La chambre criminelle de la Cour de cassation vient d’ancrer dans le marbre le fait que la seule violation d’une règlementation est de nature à causer un préjudice moral indemnisable à une association de lutte contre le tabagisme, sans qu’il lui incombe de démontrer l’existence d’un préjudice subi.

Après avoir eu recours à la technique du « client mystère » et avoir fait constater la vente de tabac à un mineur dans un débit de tabac par procès-verbal d’huissier, une association a cité le buraliste devant le tribunal de police.

Le tribunal a prononcé la relaxe du prévenu, a reçu la constitution de partie civile de l’association et débouté celle-ci de ses demandes. L’association et le ministère public ont interjeté appel de ce jugement.

La démonstration de l’existence d’un préjudice direct et certain subi par l’association est au cœur du litige en l’espèce. En effet, la cour d’appel a débouté l’association de ses demandes civiles, en considérant qu’elle n’avait pas subi de préjudice direct et certain puisque la vente du tabac n’avait pas engendré de publicité en faveur du tabac, et que l’association avait provoqué la faute du prévenu.

L’exercice du droit d’action des associations de lutte contre le tabagisme

La Cour de cassation rappelle ici que les associations de lutte contre le tabagisme peuvent exercer les droits reconnus à la partie civile pour les infractions, notamment, à l’interdiction de vente des produits du tabac à des mineurs dans les débits de tabac. Ce droit d’agir découle de l’article L. 3515-7 du code de la santé publique, issu de la loi du 9 juillet 1976 modifiée.
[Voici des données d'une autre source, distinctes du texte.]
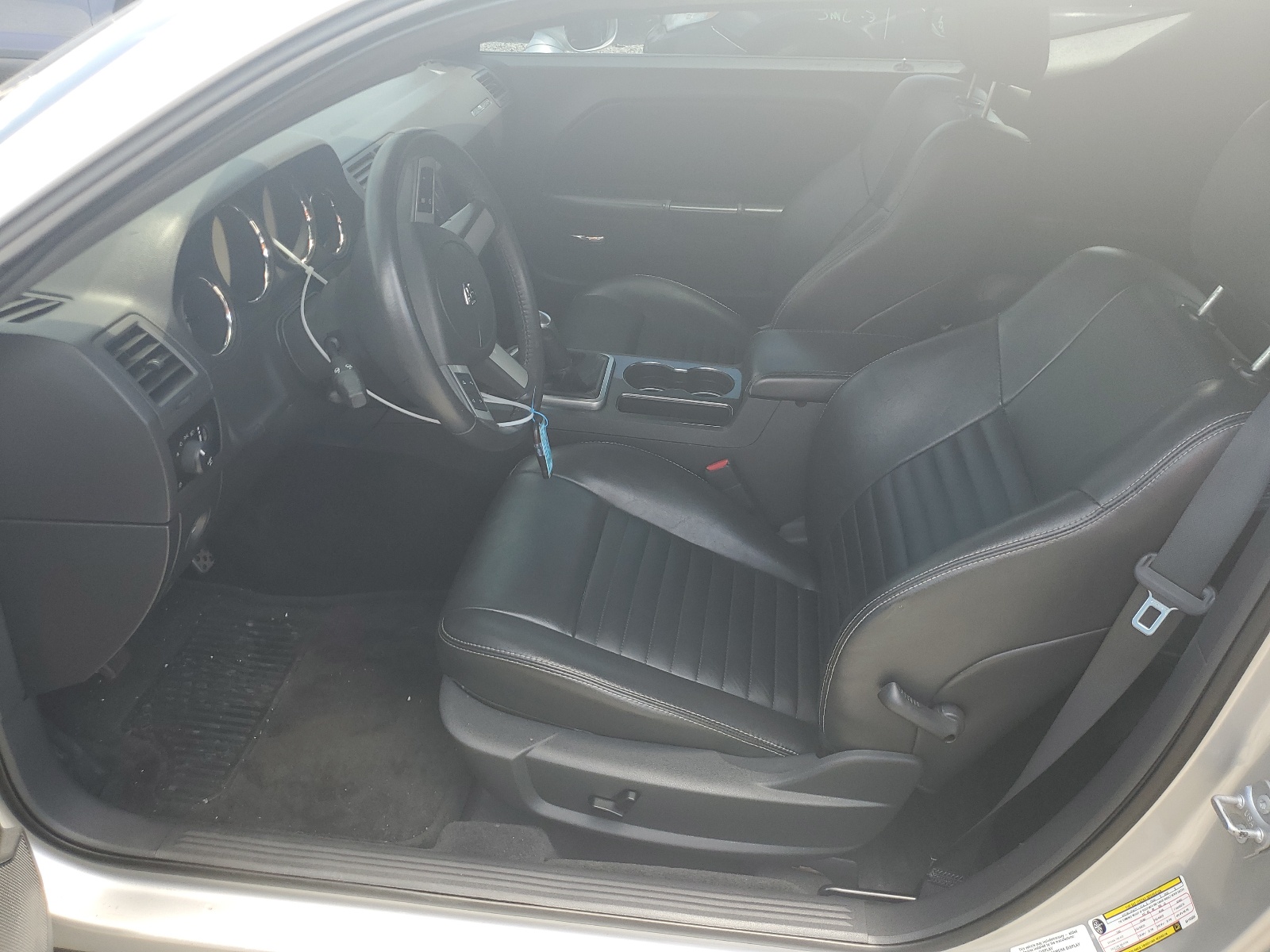 2B3CJ5DT7AH145904 2010 Dodge Challenger R/T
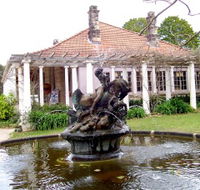 Norman Lindsay Gallery - Tourism Caloundra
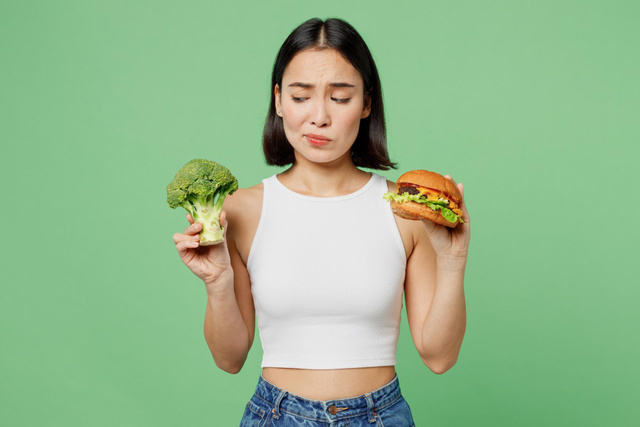 Sou nutricionista ginecológica e garanto: "Não faz sentido comer mais brócolis se você não fizer lanches nutritivos"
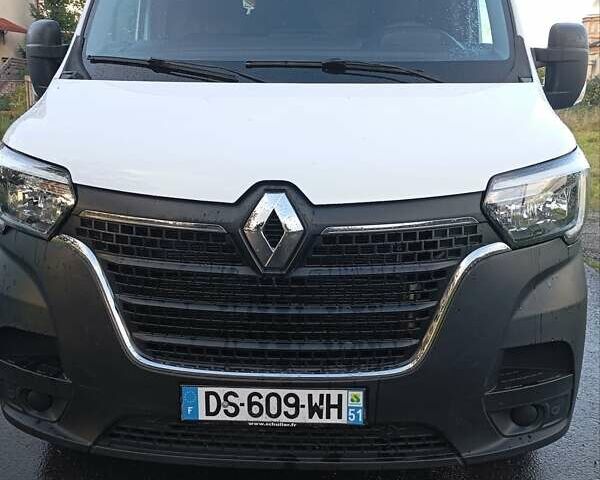 Рено Мастер 2021 в Ивано-Франковске на Automoto.ua Белый Рено Мастер, объемом двигателя 0 л и пробегом 166 тыс. км за 18800 $, фото 8 на Automoto.ua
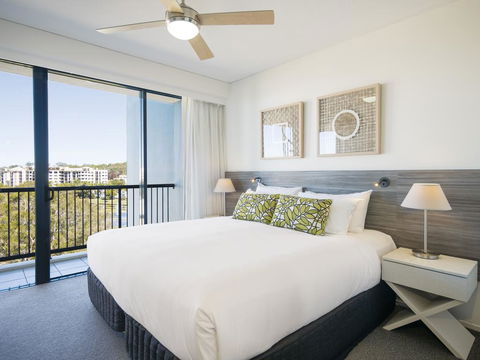 Oaks Sunshine Coast Seaforth Resort - Accommodation Georgetown 2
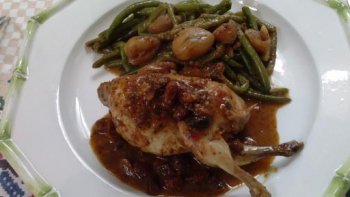 Une recette spécialement pour les fêtes...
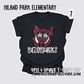 Hiland Park Elementary - School Spirit [Principal Faircloth Approved!]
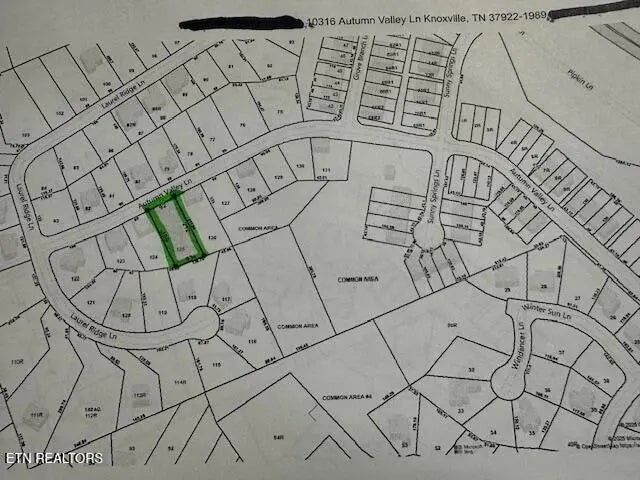 10316 Autumn Valley Lane, Knoxville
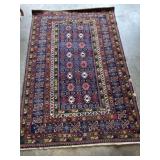 Kurdish Rug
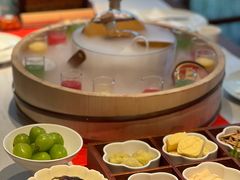 -鲤院·新中式美学·庭院餐厅(夫子庙店)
En l’espèce, la cour d’appel avait considéré que l’objet statutaire de l’association était de lutter contre la publicité en faveur du tabac. La jurisprudence considère de longue date que la publicité illicite en faveur du tabac cause un préjudice direct aux associations de lutte contre le tabagisme. Ainsi, en 1995, la Cour de cassation avait affirmé que le comité de lutte contre le tabagisme subissait nécessairement un préjudice direct et personnel causé par la publicité illicite en faveur du tabac (Crim. 30 oct. 1995, n° 94-83.572).

Or, la Cour de cassation précise en l’espèce que l’objet statutaire de l’association en question ne se limite pas à la lutte contre la publicité des produits du tabac, mais s’étend à la lutte contre le tabagisme d’une manière générale. La Cour de cassation avait déjà rappelé « le pouvoir d’exercer les droits reconnus à la partie civile pour les infractions aux dispositions » de la loi précitée, en 1994 (Crim. 29 juin 1994, n° 93-81.57).

En effet, l’article précité prévoit que les associations « dont l’objet statutaire comporte la lutte contre le tabagisme » peuvent se constituer partie civile (CSP, art. L. 3515-7). Ainsi, dès lors que l’objet statutaire d’une association...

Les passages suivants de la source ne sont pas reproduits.